Work to be completed:
Go to the line with "Bluse med struktur" in the records below, then output it and each following line exactly, up to and including the line with "An illustrated red". Skip pictures and add nothing.

Exercise data:
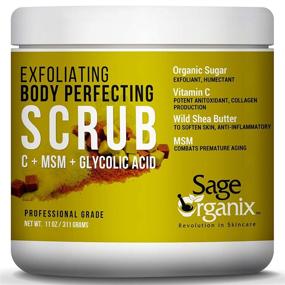 img 4 attached to 🧖 Sage Organix Exfoliating Body Perfecting Scrub - Vitamin C, MSM, Glycolic - Collagen Boosting Full Body Face Scrub for Deep Cleansing, Pore Minimization, Wrinkle & Fine Line Reduction - Women & Men, 11oz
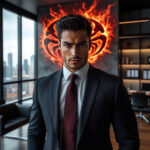 Уверенный человек с интенсивным взглядом на фоне символики знака Скорпион, карьера и сила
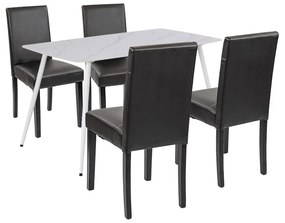 Set de masă Megan 4+1 alb-negru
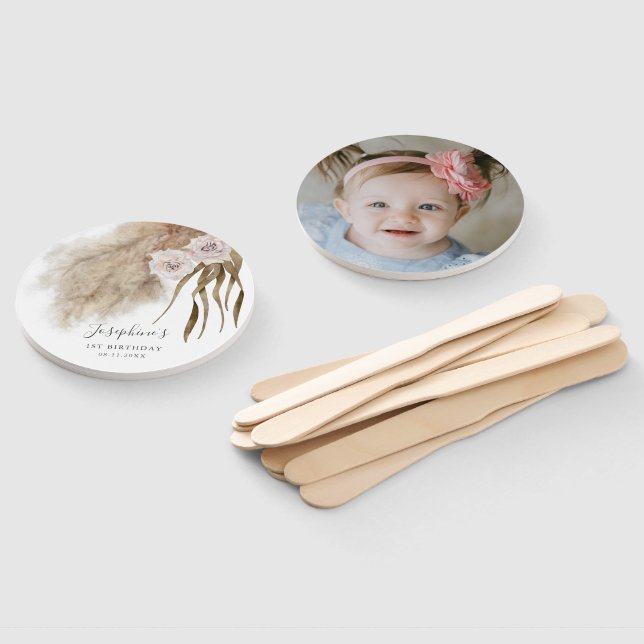 Boho Pink Pampas Grass Birthday Photo Hand Fan (Non-assembled)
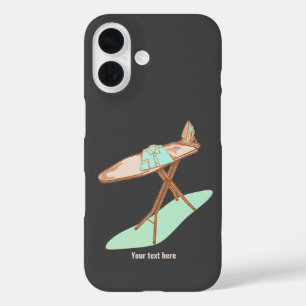 Iron and ironing board household chores iPhone 16 case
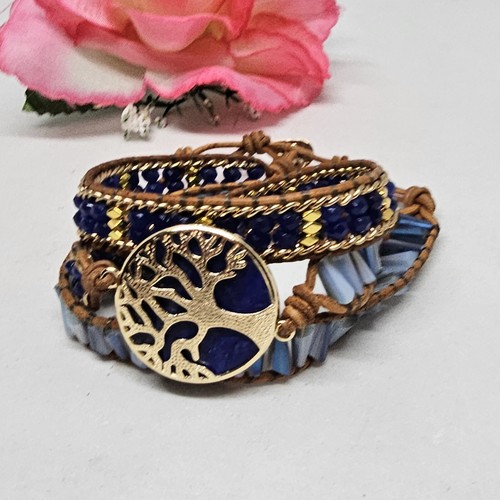 Blue Bracelet Tree of Life Lapis Lazuli Crystal Glass Beaded Beige Leather Wrap - Picture 2 of 18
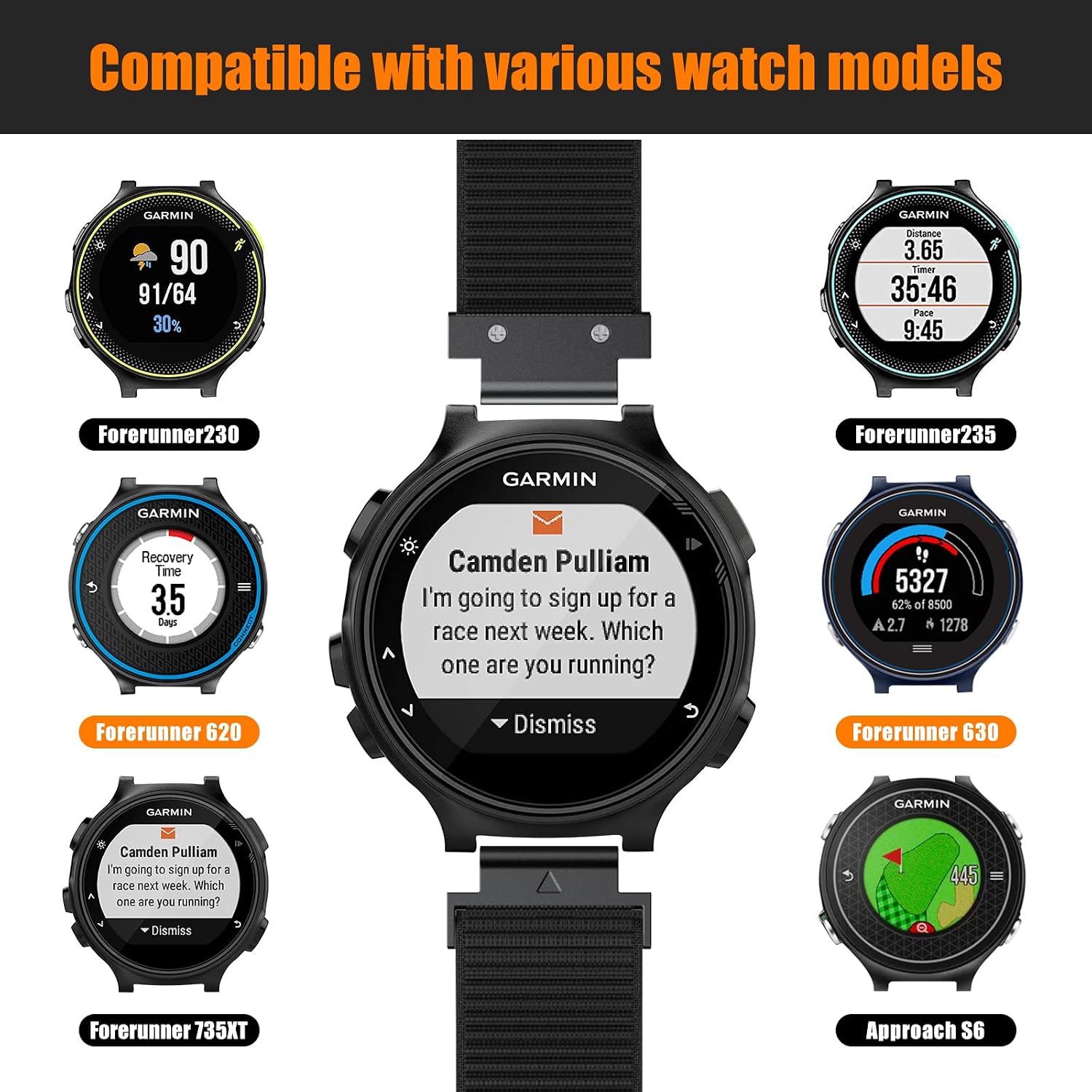 Thumbnail 1 de ANBEST cinturino Garmin Forerunner 735XT, nylon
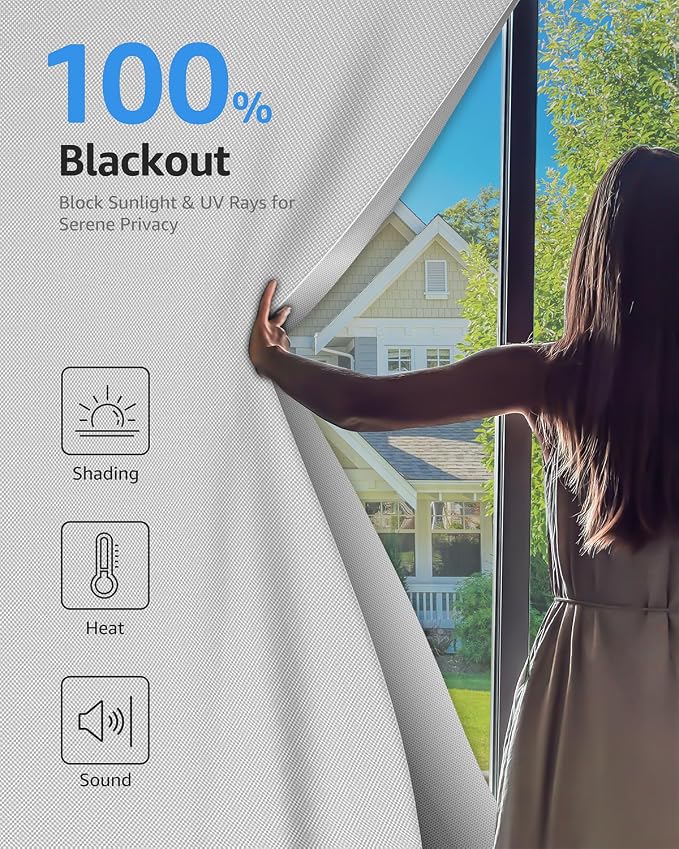 Sumobaby Blackout Curtains Portable 42"x60", No Drill Black Out Window Cover - Image 2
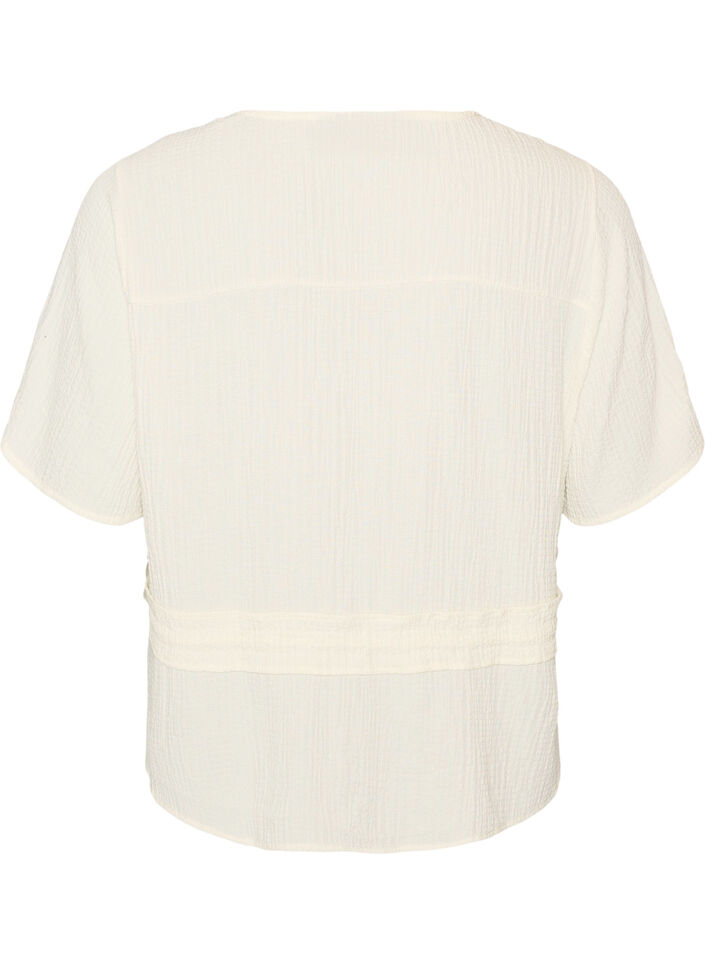 Bluse med struktur og bindeb&aring;nd i taljen, Vanilla, Packshot image number 1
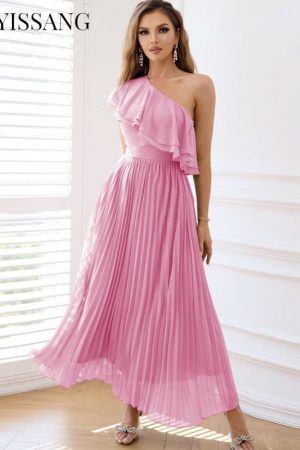One Shoulder Pleated Dress Solid Maxi Long Dress W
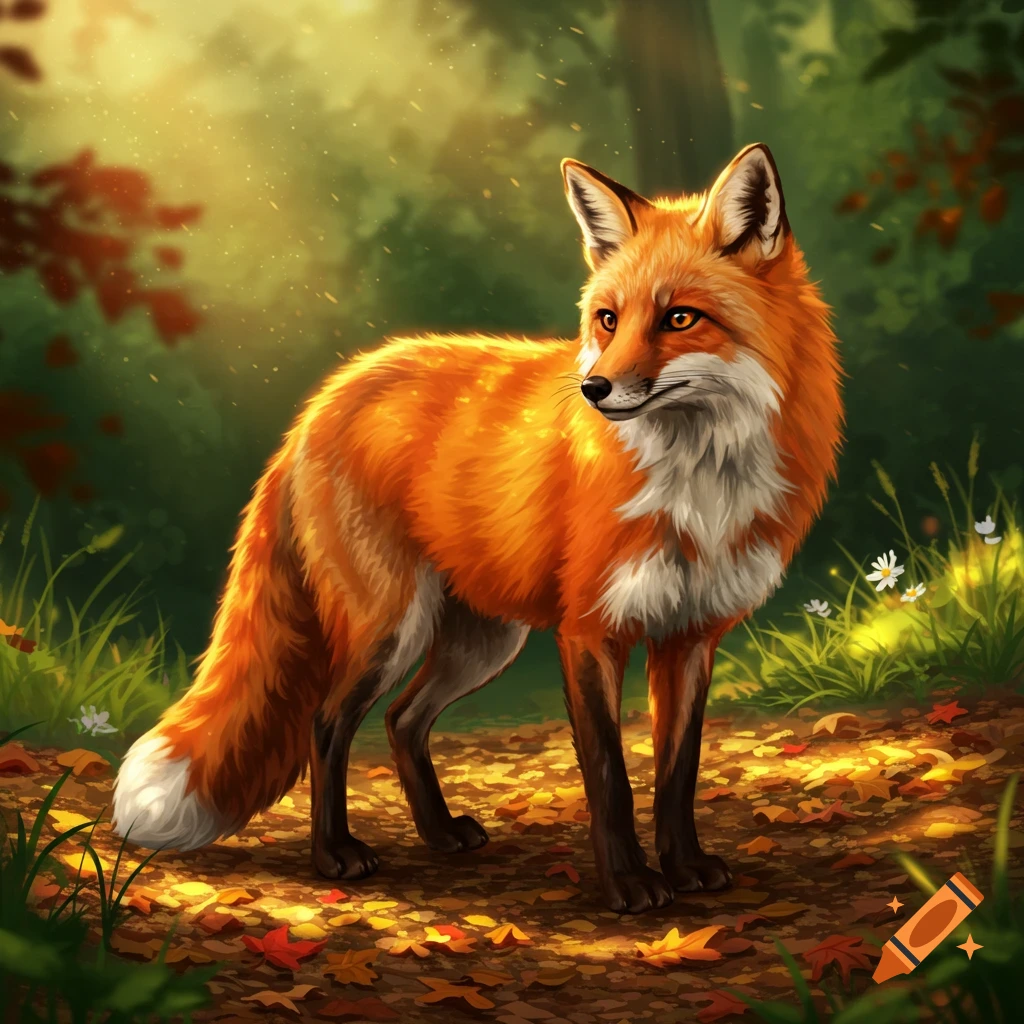 An illustrated red fox stands in a sun-dappled forest among autumn leaves.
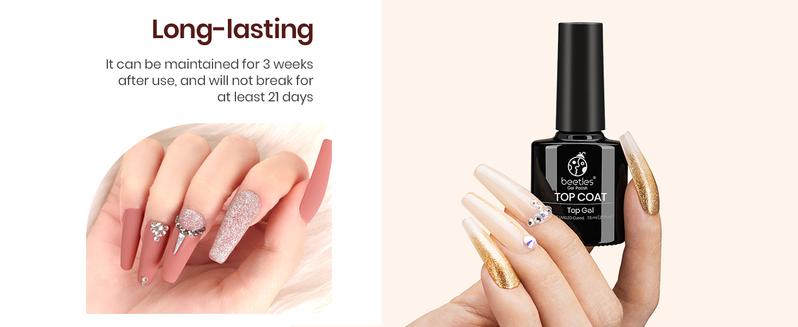 Beetles Gel Top Coat Base Coat Set for Gel Nail Polish, 3Pcs No Wipe Base Gel Matte & Shiny Top Coat, Long Lasting High Gloss and Matte Effects Soak off Uv Led Gel DIY at Home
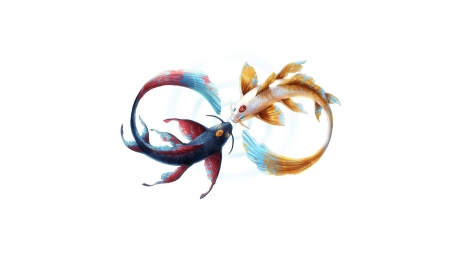 Infinity - white, fantasy, fish, yellow, infinty, couple, blue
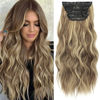 Picture of KooKaStyle Clip in Synthetic Highlight Hair Extensions Long Wavy 4PCS Thick Hairpieces Medium Brown Ash Blonde Fiber Double Weft Natural Hair Extensions 20 Inch for Women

Output of the task:
 Bluse med struktur og bindeb&aring;nd i taljen, Vanilla, Packshot image number 1
One Shoulder Pleated Dress Solid Maxi Long Dress W
 An illustrated red fox stands in a sun-dappled forest among autumn leaves.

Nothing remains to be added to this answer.